VIDEO

Financial Stewardship in 2025: A Conversation with the CFO of CAMP4 Therapeutics

Raising capital in biotech in 2025 is not about luck. It is about discipline, planning, and the ability to execute under pressure. CFOs must preserve runway, push science forward, and compete for investor attention in an environment where transactions move slowly and urgency is rare.

Auxilius’s Erin Warner Guill spoke with Kelly Gold, CFO of CAMP4 Therapeutics, about the realities of managing a biotech’s finances today and the skills required to be a trusted steward of capital when every dollar is under the microscope. Below is a lightly edited summary of this discussion.

You have been in the CFO seat through very different market cycles. How does your outlook for 2025 compare to what we have been hearing from other industry leaders?

Kelly: The nature of what investors are looking for has not changed, but the timelines have. Because there are so many companies raising capital at any given point, and there is an imbalance between supply and demand, things are just taking longer to happen. There is not really a sense of competition or urgency. From the operator’s perspective, we are hearing from investors that they are interested in the story, but there are so many stories coming to them and they have to prioritize those names that have nearer term catalysts. You do feel like you are competing for investor attention and in some cases having to create a sense of urgency where there otherwise is none.

How do you see the role of the CFO during a period of uncertainty like this?

Kelly: It is about being a very good financial steward. Every dollar is so precious because the cost of capital is so high. You have to know where every dollar is going, and there cannot be any black boxes of spend. You have to be able to justify to your investors, to your board, and to your collegues why you are choosing to deploy capital in certain areas and not others. You also have to know what you would do if things got worse. That is an uncomfortable thought exercise sometimes, but you can never be caught off guard.

What is the most under appreciated challenge for a CFO right now?

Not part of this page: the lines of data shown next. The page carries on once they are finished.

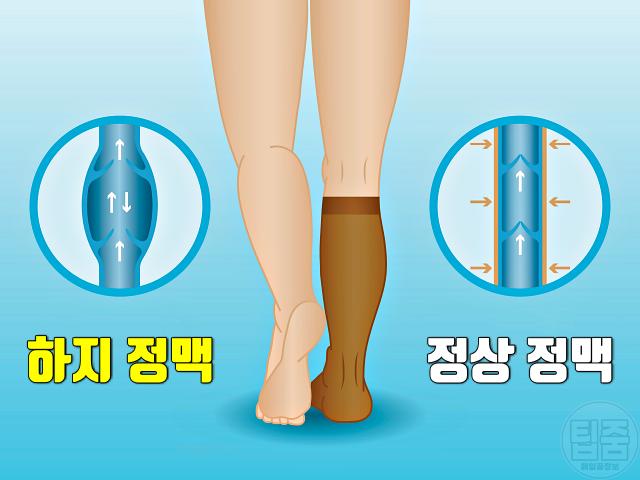 다리 양말자국 질환 코끼리다리 무다리 원인 하지정맥류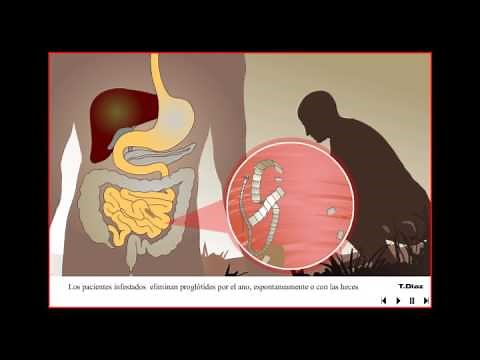 Taenia Solium - Solitaria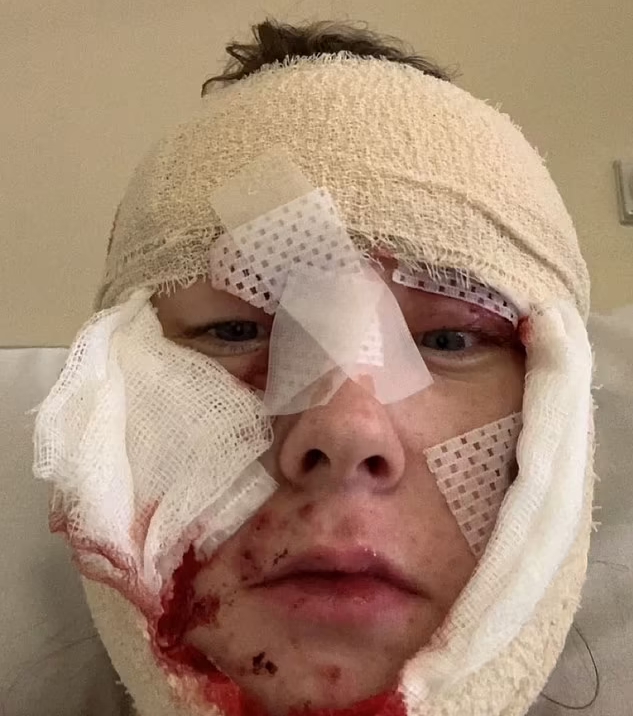 柯薇爾每天必須使用紗布纏住臉，且避免日照。網圖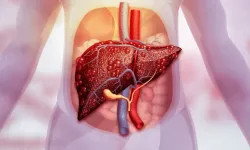Yağlı karaciğer tehlikesi büyüyor! Her 3 kişiden biri risk altında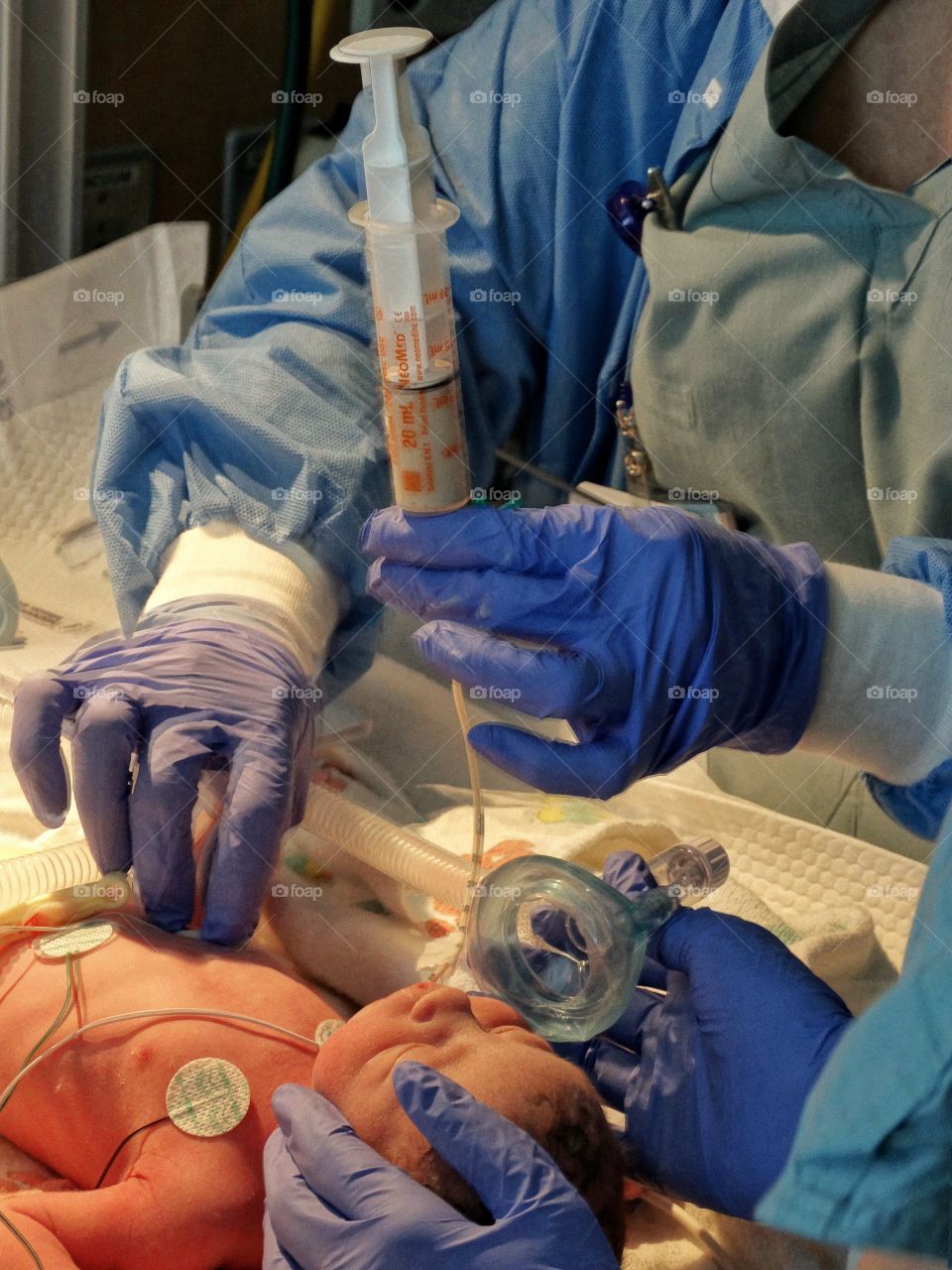 Premature Infant In Intensive Care
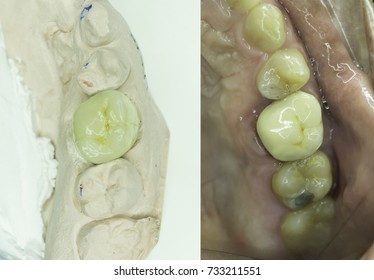 First Molar Porcelain Fused Metal Crown Stock Photo 733211551 ...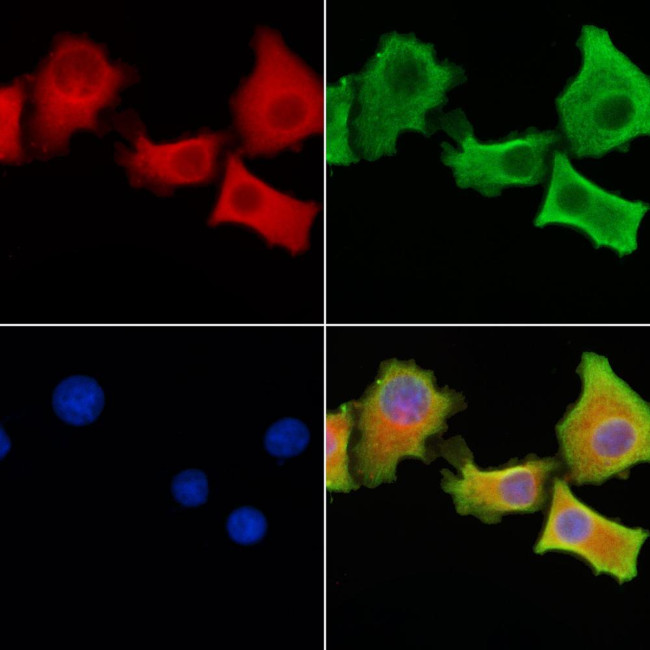 SLC34A2 Antibody in Immunocytochemistry (ICC/IF)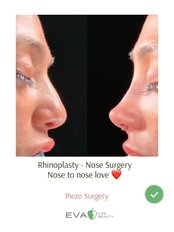 Rhinoplasty - Eva Life Beauty Clinic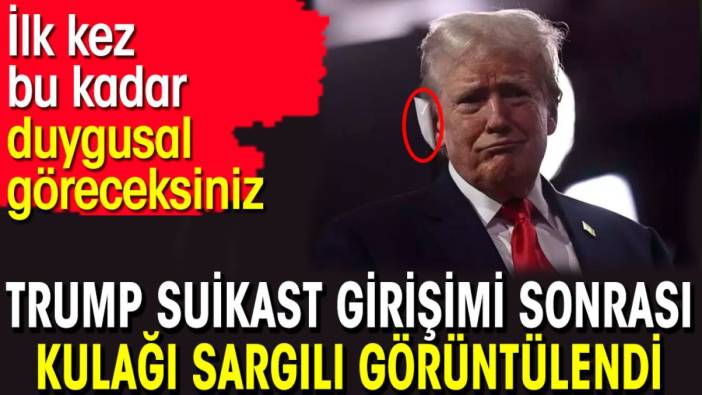 Trump suikast girişimi sonrası kulağı sargılı görüntülendi. İlk kez bu kadar duygusal göreceksiniz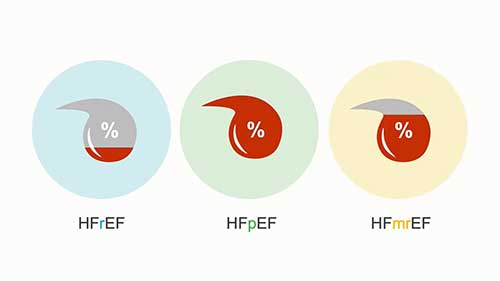 左侧心力衰竭的分类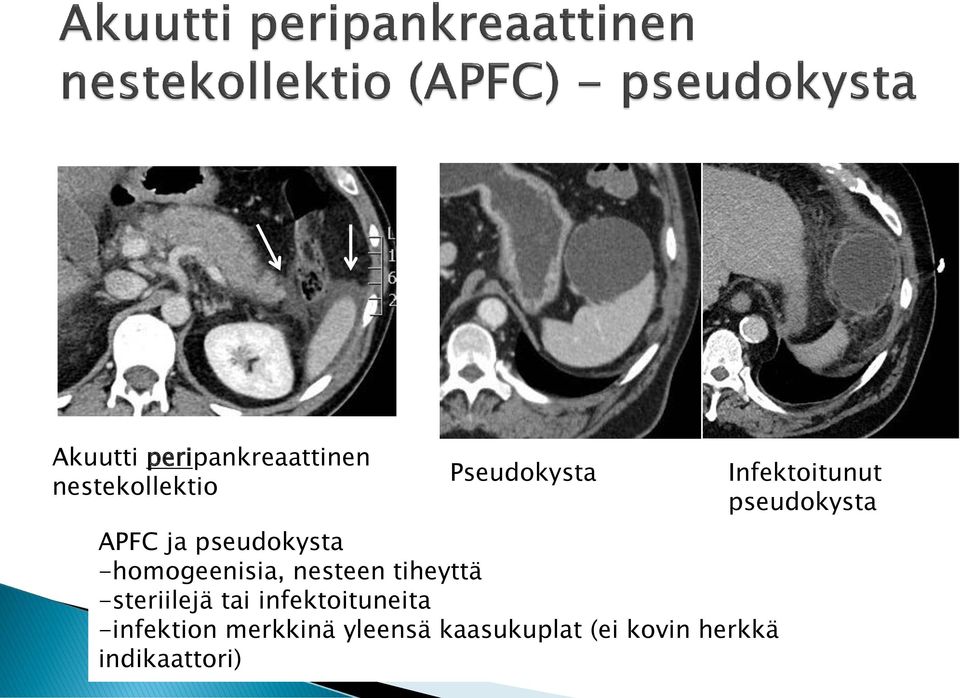 tai infektoituneita -infektion merkkinä yleensä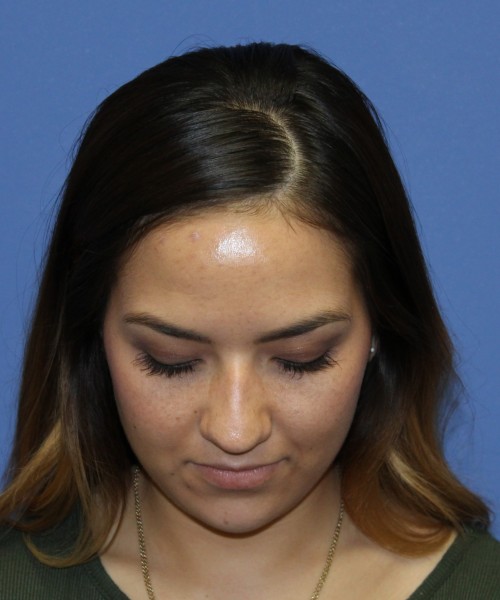 Rhinoplasty 2397 – Click HERE for more views before photo. Individual results may vary.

Kelly: I probably will be the first person to say this publicly, but I think a CFO can actually be a steward of culture. It is really easy to be the heavy handed cutter of costs. It is not easy to do that in a way that still engenders optimism across your group of employees, who are seeing cuts and seeing their peers at other companies losing jobs. To continue to tighten your belt in a way that does not make it evident that you are facing leaner and leaner times is important and underappreciated. Done the right way, you can create a sense of ownership that the financial fate of the company is in everyone’s hands. It can be a rallying cry for people to come together, think creatively, and believe in the mission even when they have to do more with less.

You have a background in FP&A. How does that shape how you track and manage spend as a CFO?

Kelly: I would be lost without my accounting counterparts. Anybody who chooses a career in finance is inherently data driven. It is very hard to affect change around spend without being able to show people at a granular level what historical performance has been. Where have we historically been spending? Where are places we did not realize we were spending as much as we are? Where can we be more efficient? Sometimes, my business counterparts are surprised by some of the data we share, but it is having that data that gets people on board with initiatives to reduce costs or change behavior. Reducing costs is not necessarily saying we will no longer spend on something. It is saying we will figure out, based on our data, how to do it in a better, more efficient way.

Finance and clinical operations often operate in silos. How do you build a strong partnership between them?

Kelly: There has to be a true relationship there. You really need to be embedded with regulatory, early discovery, and clinical operations. For clinical especially, because it tends to represent such a large proportion of expenditures, I spend a lot of my time talking to them. These programs can change significantly for reasons that have nothing to do with finance. Changes in enrollment speed, site activation, or geography can all have significant influence on the timing of expenses.

As a finance professional, you can ask basic questions like when are we starting, how many patients, when is the last patient out, and when is the final report. But I like to go deeper: what are the drivers and risks? When are we going to decide to deploy dollars into a second geography, and how will we know it is de-risked enough? Have we thought about more sites in a single geography instead of multiple? You want to be thought of as a true business partner, not the last person to know when something is over budget.

R&D is often the largest expense bucket for a biotech. How do you manage that spend while also managing cash flow?

Kelly: We take a critical look at the pipeline and think about not just what can we fund, but what should we fund. What will have an impact on patients and be appealing to investors? At the same time, we focus on the timing between expense and cash outlay. CRO payments are typically sporadic and quite chunky when they happen. For a non-revenue generating company, knowing when those large payments are going to hit is critical for runway management.

What does future proofing your financing strategy look like in 2025?

Kelly: Every dollar is so precious. You have to know where it is going, be able to justify it, and be ready to act if things get leaner before they get better.